Question

If \(x\) is a positive real number such that \(x^8+\bigg(\frac{1}{x}\bigg)^8=47\) , then the value of \(x^9+\bigg(\frac{1}{x}\bigg)^9\) is

• A. \(34\sqrt 5\)
• B. \(40\sqrt5\)
• C. \(36\sqrt5\)
• D. \(30\sqrt5\)

Answer 1

The Correct Option is A

Given :
\(x^8+(\frac{1}{8})^8=47\), this can be also expressed as :

⇒ \((x^4)^2+(\frac{1}{x^4})^2=47\)

⇒ \((x^4+\frac{1}{x^4})^2-2\times x^4\times\frac{1}{x^4}=47\)

⇒ \((x^4+\frac{1}{x^4})^2=49\)

⇒ \(x^4+\frac{1}{x^4}=7\) …… (i)

Now , the above equation (i) can be expressed as :
⇒ \((x^2)^2+(\frac{1}{x^2})^2=7\)

⇒ \((x^2+\frac{1}{x^2})-2\times x^2\times \frac{1}{x^2}=7\)

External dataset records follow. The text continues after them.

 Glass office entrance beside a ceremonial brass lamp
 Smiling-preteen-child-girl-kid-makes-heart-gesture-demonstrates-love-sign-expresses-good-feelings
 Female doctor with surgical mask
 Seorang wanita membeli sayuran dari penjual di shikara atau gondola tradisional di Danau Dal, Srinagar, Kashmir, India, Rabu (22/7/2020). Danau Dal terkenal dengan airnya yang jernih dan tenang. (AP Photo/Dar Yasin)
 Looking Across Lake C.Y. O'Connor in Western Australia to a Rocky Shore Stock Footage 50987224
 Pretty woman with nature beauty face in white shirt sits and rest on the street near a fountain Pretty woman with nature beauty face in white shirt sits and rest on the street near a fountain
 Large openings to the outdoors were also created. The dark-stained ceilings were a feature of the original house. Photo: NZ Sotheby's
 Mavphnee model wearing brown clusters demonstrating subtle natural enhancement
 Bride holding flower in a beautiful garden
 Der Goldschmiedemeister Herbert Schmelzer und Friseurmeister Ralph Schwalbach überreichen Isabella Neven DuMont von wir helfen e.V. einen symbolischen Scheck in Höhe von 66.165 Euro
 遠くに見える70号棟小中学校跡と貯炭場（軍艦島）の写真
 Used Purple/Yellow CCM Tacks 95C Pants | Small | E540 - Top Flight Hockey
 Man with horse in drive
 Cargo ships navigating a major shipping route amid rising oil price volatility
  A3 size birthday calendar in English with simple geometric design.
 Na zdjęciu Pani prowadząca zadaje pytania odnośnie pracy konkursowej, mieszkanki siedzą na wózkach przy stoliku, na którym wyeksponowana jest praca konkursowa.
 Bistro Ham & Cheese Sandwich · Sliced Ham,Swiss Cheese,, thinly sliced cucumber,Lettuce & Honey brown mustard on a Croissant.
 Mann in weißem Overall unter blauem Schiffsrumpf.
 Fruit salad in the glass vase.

⇒ \((x^2+\frac{1}{x^2})^2=9\) i.e \(x^2+\frac{1}{x^2}=3\)

Similarly , we get :
\(x+\frac{1}{x}=\sqrt5\)
⇒ \(x^3+\frac{1}{x^3}=(x+\frac{1}{x})^3-3\times x\times \frac{1}{x}(x+\frac{1}{x})\)
\(x^3+\frac{1}{x^3}=(\sqrt5)^3-3\sqrt5=2\sqrt5\)

Similarly like the above, we can say that :
⇒ \(x^9+\frac{1}{x^9}=(x^3+\frac{1}{x^3})^3-3\times x \times \frac{1}{x^3}(x^3+\frac{1}{x^3})\)

⇒ \(x^9+\frac{1}{x^9}=(2\sqrt5)^3-3(2\sqrt5)\)

⇒ \(x^9+\frac{1}{x^9}=40\sqrt5-6\sqrt5\)
\(=34\sqrt5\)
Therefore, the correct option is (A) : \(34\sqrt5\).